VENICE (Reuters) - Spike Lee’s film about the making of Michael Jackson’s 1987 album “Bad” may border on hagiography at times, but live footage and the singer’s attention to detail when at the peak of his powers are a reminder of why he remains the “King of Pop”.
The two-hour documentary called “Bad 25”, which has its world premiere at the Venice film festival on Friday, is a familiar mix of talking heads - choreographers, producers and stars - and film of concerts, rehearsals and music videos.
Released to coincide with the 25th anniversary of Jackson’s acclaimed follow-up to “Thriller”, Lee provides few surprises for Jackson aficionados, but paints a picture of a genius at work who cared about every step of the production process.
“I think that it was too many years we’ve ... concentrated on stuff about Michael Jackson that had nothing to do with the music,” Lee told reporters, 25 years to the day after Bad hit the shelves.
The documentary, which Lee called his “love letter” to Jackson, has the backing both of the singer’s estate and his record label, giving Lee access to many of the key players in the making of what is regarded as a milestone album.
“It was a chance to really dig into his creative process,” he added.
“We all are blessed with the final work, but it’s rare that you get to see how something is put together. We just see the final product. We don’t see the blood, sweat and tears, all the work that goes into how the masters work.”
Among the novelties is footage taken by Jackson himself, using a handheld camera, of Siedah Garrett singing “Man in the Mirror”, the song she co-wrote for the star, a cappella save for an off-camera clicking of fingers laying down the beat.
There are also small yet enlightening insights and hints as to Jackson’s true character, be it his interest in women, competitive spirit, professional drive or obsession over the smallest riff and dance step.

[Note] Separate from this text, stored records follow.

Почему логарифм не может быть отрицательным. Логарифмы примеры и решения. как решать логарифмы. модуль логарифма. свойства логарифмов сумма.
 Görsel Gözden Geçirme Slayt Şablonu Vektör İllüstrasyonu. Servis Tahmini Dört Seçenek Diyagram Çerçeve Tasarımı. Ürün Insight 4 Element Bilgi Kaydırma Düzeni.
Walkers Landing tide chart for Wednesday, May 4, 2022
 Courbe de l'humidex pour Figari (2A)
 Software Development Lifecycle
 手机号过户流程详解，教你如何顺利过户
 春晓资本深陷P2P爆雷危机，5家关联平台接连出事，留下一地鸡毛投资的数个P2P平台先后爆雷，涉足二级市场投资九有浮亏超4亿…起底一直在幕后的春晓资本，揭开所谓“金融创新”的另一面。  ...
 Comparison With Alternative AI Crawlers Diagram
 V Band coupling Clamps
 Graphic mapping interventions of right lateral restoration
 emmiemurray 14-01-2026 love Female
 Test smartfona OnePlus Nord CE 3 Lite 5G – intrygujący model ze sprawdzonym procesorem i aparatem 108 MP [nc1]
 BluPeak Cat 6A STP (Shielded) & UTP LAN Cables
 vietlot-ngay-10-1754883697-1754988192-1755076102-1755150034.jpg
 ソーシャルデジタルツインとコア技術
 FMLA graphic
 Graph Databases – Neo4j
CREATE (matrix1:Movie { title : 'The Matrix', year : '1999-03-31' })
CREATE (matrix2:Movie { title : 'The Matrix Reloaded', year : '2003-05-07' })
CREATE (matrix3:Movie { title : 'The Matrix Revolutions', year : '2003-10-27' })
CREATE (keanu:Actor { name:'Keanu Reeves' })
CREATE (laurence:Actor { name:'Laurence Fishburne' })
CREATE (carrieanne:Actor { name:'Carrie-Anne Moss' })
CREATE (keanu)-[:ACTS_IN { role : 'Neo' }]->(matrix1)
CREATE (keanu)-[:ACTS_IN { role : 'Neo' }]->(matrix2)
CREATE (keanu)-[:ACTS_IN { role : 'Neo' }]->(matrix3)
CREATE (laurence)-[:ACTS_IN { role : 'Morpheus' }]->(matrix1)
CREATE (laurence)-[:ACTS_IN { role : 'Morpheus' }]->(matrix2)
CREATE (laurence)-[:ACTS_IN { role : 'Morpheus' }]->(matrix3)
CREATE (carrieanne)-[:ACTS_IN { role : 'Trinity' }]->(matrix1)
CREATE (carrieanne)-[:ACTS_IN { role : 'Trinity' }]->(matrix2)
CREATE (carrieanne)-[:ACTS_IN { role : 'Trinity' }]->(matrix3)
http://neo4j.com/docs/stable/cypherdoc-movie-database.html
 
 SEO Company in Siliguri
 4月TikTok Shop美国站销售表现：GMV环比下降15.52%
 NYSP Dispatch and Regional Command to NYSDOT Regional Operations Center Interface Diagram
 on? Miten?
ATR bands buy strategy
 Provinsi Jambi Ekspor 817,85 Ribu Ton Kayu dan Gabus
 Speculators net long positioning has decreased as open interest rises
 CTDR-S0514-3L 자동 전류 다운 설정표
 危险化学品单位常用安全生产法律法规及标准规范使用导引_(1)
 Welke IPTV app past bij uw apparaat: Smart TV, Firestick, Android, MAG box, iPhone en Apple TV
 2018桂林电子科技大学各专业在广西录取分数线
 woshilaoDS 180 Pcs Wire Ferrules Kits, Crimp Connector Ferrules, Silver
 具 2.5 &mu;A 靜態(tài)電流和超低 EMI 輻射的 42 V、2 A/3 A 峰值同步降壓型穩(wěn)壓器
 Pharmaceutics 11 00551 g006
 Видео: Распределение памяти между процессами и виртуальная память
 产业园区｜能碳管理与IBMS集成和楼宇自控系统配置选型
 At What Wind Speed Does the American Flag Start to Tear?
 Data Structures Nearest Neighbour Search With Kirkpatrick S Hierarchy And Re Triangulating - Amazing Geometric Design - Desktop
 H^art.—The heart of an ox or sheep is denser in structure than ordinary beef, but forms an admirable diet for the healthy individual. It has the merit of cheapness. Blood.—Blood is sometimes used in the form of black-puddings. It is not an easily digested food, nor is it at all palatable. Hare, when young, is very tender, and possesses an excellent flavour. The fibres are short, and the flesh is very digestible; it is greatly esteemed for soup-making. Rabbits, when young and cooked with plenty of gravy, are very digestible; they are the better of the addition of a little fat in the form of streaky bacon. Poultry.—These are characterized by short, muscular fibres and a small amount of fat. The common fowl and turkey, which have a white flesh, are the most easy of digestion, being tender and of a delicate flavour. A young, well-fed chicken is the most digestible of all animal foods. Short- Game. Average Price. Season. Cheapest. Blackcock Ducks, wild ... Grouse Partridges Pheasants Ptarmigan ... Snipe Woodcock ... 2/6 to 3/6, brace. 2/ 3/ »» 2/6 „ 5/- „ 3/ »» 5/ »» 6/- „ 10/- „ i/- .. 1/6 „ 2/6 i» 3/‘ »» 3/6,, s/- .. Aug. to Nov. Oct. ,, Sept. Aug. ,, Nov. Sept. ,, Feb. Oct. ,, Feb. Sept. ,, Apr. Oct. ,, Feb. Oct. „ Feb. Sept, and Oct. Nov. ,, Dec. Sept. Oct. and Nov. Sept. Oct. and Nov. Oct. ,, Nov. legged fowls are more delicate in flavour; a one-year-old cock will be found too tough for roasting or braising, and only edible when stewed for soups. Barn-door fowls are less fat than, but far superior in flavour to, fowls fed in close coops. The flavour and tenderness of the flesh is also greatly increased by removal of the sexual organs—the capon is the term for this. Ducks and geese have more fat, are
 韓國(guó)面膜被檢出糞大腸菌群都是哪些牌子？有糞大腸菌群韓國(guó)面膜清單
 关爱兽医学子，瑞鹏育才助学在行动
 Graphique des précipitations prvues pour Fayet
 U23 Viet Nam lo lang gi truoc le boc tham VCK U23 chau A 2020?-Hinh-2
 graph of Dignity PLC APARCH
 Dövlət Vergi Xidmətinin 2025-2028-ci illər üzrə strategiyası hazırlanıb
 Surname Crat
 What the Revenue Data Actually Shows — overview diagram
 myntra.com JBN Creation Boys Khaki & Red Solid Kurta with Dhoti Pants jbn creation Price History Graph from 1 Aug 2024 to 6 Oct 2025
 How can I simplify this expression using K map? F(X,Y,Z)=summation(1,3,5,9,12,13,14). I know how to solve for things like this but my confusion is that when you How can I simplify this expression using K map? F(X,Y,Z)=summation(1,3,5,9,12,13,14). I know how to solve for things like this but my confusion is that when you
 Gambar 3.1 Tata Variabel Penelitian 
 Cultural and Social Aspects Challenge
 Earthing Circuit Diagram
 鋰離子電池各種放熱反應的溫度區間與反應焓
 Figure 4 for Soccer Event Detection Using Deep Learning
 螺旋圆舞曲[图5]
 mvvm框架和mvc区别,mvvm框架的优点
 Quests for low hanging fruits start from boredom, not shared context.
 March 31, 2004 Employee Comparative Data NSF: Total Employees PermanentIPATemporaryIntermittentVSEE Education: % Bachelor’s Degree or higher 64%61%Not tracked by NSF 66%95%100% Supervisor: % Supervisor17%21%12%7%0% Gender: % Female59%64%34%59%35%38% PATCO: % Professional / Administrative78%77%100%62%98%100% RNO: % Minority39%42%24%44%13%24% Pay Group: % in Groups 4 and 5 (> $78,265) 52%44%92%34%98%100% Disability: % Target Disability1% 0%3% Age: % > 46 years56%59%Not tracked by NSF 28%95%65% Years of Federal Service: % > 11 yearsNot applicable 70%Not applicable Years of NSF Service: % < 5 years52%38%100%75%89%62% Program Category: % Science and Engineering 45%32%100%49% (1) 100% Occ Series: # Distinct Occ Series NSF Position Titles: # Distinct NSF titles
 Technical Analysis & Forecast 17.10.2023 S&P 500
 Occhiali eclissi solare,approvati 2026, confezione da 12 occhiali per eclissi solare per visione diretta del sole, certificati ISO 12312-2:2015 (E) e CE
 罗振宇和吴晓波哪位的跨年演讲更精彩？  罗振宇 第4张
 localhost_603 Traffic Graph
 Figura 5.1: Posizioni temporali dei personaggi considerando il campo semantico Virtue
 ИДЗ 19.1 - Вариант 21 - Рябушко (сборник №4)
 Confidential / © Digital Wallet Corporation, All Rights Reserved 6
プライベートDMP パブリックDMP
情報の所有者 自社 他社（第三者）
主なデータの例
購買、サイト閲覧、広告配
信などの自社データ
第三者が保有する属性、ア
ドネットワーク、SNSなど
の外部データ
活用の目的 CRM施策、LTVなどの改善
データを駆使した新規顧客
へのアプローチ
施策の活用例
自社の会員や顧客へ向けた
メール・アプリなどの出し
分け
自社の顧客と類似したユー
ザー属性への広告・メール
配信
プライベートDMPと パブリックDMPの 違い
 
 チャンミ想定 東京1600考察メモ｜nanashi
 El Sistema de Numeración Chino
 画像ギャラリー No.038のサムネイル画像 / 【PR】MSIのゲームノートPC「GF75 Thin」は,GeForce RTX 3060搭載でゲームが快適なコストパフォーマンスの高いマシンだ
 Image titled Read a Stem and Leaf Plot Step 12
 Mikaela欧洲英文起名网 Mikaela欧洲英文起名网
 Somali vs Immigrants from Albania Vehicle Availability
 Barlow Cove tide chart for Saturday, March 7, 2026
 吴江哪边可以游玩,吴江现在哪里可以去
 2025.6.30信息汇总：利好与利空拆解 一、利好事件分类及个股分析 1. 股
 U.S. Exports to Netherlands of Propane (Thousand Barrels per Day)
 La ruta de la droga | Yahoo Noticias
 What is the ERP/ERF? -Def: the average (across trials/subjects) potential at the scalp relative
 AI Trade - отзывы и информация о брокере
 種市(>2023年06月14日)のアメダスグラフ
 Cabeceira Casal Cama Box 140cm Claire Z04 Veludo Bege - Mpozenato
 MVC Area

Garrett, for example, recalls how Jackson playfully threw popcorn at her as she tried to record “I Just Can’t Stop Loving You”, earning her, but not Jackson, a sharp rebuke from the onlooking producer Quincy Jones.
Sheryl Crow said she was often asked whether Jackson became aroused when they performed a raunchy rendition of the song on his record-breaking “Bad” tour. She did not provide an answer.
Actress Tatiana Thumbtzen speculated that mint on the singer’s breath suggested he may have been prepared for a kiss at the end of the “The Way You Make Me Feel” video, despite strict instructions only to embrace the singer.
Lawyer John Branca, who administers Jackson’s estate following his death aged 50 in 2009, recalled a meeting Jackson arranged with his arch-rival Prince.
“It was not a happy meeting,” he said, adding Prince had brought along a “voodoo box” which Jackson feared meant he was trying to cast a spell on him.
That rivalry was part of a competitive streak in Jackson that drove him to try to top the sensational success of his 1982 album “Thriller”, still the best-selling album of all time, with Bad five years later.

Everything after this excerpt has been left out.